* _Given data_:
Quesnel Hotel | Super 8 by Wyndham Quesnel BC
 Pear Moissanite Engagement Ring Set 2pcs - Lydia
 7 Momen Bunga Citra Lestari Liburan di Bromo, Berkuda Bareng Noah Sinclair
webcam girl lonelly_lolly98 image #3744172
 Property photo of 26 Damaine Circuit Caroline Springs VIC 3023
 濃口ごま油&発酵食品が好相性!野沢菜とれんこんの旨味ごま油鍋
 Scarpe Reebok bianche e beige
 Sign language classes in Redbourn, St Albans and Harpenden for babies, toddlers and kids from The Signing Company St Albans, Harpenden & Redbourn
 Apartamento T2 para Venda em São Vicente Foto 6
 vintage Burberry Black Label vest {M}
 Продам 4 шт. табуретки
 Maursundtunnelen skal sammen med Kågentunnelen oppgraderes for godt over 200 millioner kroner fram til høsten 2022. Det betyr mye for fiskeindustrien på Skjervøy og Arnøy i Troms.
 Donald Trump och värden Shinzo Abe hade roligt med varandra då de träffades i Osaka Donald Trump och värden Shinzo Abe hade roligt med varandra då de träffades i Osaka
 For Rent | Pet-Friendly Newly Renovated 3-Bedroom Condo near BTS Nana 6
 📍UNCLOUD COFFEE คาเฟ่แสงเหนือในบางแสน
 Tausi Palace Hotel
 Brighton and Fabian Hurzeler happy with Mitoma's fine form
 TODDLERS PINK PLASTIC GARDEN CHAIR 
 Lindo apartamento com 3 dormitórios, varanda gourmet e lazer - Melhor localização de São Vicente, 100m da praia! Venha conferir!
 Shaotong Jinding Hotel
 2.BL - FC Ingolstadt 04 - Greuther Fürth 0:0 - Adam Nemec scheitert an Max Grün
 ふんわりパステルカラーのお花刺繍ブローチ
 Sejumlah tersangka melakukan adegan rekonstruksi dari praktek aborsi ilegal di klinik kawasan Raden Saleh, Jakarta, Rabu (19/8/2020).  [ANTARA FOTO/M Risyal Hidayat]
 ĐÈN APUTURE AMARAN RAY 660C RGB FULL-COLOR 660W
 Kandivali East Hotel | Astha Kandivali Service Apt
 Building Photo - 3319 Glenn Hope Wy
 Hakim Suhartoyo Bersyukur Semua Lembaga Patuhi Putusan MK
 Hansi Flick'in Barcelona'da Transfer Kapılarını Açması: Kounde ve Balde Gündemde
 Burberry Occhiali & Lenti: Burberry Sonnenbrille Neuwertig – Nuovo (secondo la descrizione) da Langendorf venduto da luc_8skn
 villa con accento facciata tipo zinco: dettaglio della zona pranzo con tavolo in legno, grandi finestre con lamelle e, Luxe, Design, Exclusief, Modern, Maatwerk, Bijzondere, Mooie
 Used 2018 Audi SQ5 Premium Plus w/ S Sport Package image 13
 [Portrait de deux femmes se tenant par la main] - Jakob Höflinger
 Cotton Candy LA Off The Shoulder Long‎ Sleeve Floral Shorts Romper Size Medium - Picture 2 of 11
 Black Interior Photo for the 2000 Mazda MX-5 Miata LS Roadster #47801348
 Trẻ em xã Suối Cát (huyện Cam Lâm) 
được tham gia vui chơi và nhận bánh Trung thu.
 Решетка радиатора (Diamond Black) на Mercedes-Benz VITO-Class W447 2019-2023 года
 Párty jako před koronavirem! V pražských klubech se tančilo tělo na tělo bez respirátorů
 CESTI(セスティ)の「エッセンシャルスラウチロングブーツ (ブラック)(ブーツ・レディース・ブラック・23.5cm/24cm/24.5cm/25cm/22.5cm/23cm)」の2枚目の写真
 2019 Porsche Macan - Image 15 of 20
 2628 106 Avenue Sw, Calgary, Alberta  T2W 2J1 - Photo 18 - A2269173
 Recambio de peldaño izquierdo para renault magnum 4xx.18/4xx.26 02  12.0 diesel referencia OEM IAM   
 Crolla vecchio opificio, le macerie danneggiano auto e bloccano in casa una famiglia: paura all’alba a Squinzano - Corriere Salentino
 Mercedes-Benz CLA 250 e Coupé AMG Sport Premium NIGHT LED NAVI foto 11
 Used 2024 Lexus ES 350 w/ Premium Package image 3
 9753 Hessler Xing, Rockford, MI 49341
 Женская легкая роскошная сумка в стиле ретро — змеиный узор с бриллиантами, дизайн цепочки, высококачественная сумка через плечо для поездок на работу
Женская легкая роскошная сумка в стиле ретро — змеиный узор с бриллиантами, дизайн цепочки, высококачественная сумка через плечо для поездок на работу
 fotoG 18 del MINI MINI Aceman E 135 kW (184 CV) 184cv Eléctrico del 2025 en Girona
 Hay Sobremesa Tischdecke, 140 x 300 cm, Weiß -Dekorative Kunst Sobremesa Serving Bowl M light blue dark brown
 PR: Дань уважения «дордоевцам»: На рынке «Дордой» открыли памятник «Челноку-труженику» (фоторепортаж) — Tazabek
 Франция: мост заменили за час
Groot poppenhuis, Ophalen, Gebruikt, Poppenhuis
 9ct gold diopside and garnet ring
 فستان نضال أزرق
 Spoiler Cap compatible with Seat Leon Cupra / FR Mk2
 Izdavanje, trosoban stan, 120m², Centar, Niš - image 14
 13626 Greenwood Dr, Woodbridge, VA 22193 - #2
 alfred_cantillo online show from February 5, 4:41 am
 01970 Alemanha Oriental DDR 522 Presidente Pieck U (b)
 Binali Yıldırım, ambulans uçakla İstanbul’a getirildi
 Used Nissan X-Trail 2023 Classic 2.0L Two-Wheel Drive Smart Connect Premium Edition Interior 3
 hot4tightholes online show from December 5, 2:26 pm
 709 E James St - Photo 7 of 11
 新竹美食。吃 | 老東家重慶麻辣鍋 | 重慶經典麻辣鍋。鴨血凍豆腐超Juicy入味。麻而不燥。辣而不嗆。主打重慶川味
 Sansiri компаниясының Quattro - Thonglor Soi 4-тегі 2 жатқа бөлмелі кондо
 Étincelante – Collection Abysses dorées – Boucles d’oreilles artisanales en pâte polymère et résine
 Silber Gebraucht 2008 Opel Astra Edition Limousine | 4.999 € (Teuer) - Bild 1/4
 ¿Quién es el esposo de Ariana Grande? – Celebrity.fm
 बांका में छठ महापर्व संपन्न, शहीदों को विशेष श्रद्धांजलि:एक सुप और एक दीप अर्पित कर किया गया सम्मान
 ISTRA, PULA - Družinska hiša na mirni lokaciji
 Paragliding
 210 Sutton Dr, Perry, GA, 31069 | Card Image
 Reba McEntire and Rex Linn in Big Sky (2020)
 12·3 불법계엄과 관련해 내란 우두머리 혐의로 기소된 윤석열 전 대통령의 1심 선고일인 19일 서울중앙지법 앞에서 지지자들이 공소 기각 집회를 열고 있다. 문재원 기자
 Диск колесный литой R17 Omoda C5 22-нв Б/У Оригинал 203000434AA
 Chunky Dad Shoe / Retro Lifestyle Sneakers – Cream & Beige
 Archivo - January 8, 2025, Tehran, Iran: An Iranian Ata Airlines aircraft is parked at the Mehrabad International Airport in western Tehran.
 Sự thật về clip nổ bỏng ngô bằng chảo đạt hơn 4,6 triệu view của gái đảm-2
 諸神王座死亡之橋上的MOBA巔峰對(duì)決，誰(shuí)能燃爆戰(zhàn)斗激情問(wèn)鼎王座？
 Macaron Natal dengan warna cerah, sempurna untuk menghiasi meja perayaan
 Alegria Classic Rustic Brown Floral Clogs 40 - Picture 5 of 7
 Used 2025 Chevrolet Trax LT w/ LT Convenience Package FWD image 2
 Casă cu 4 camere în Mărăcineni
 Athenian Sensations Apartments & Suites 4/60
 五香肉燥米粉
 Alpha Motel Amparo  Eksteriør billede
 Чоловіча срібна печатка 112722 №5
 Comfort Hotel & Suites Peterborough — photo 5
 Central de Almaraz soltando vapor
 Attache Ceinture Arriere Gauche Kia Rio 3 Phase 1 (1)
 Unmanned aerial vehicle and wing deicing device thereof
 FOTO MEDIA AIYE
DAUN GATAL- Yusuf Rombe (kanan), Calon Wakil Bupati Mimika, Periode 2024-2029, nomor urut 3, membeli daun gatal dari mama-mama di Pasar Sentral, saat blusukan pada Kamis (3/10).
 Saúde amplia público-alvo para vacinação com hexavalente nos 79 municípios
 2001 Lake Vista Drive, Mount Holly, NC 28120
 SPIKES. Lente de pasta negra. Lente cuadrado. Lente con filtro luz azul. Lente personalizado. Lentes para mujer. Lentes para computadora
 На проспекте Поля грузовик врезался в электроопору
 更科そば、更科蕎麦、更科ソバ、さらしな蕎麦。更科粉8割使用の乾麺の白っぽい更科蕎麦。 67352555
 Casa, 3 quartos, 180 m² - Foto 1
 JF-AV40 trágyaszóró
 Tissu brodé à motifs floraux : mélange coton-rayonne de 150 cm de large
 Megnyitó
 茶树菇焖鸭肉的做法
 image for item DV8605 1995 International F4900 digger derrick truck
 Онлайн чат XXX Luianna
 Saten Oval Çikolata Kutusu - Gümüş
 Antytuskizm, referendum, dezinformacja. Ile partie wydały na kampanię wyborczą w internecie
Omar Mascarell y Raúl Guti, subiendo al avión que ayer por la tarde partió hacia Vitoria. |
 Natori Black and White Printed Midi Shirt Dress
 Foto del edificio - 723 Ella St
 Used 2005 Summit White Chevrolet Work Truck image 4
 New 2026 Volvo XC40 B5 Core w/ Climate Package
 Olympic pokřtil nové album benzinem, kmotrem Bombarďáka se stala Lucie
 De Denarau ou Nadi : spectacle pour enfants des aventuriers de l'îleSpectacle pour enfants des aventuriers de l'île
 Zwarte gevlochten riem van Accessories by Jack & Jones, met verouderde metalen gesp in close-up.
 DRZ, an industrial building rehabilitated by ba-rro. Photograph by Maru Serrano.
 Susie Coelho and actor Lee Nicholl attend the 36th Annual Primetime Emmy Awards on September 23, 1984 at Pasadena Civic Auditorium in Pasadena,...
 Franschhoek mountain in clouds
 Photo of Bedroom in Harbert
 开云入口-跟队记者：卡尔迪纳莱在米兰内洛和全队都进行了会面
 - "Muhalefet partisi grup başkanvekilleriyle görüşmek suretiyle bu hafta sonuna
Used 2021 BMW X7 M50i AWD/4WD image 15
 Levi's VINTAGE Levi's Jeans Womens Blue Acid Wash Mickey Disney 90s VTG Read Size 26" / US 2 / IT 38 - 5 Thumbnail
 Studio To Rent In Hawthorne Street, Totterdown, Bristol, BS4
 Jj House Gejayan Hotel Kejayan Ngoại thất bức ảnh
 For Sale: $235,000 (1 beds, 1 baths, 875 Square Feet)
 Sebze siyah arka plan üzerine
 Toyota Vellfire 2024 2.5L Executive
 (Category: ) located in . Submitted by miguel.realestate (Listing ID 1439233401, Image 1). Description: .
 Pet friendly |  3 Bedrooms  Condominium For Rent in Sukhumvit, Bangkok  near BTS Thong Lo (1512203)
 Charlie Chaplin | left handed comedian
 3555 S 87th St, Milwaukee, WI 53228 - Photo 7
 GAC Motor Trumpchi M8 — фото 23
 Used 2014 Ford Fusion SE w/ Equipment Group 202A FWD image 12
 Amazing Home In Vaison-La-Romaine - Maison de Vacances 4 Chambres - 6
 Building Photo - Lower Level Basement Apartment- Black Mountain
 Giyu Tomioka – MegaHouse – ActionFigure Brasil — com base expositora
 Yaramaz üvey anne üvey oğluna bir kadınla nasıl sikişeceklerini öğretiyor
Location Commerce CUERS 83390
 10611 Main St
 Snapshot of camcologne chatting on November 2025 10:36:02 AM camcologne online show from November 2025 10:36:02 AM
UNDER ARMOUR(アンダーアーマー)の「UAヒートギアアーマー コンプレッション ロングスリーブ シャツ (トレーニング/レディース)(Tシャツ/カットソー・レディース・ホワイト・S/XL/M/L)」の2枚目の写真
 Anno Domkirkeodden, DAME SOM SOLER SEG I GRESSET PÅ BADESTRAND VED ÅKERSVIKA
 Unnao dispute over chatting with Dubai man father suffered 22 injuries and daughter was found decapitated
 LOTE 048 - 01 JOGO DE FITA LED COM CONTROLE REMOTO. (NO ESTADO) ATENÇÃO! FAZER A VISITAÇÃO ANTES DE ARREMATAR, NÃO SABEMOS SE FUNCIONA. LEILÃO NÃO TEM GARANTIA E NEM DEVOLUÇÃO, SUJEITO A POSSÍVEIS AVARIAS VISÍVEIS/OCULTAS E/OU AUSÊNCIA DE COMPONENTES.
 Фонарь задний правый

* _What is being asked_: Whenever a line in the material above holds the string "дизайн", copy that line in full.

* _Task result_:
 Женская легкая роскошная сумка в стиле ретро — змеиный узор с бриллиантами, дизайн цепочки, высококачественная сумка через плечо для поездок на работу
Женская легкая роскошная сумка в стиле ретро — змеиный узор с бриллиантами, дизайн цепочки, высококачественная сумка через плечо для поездок на работу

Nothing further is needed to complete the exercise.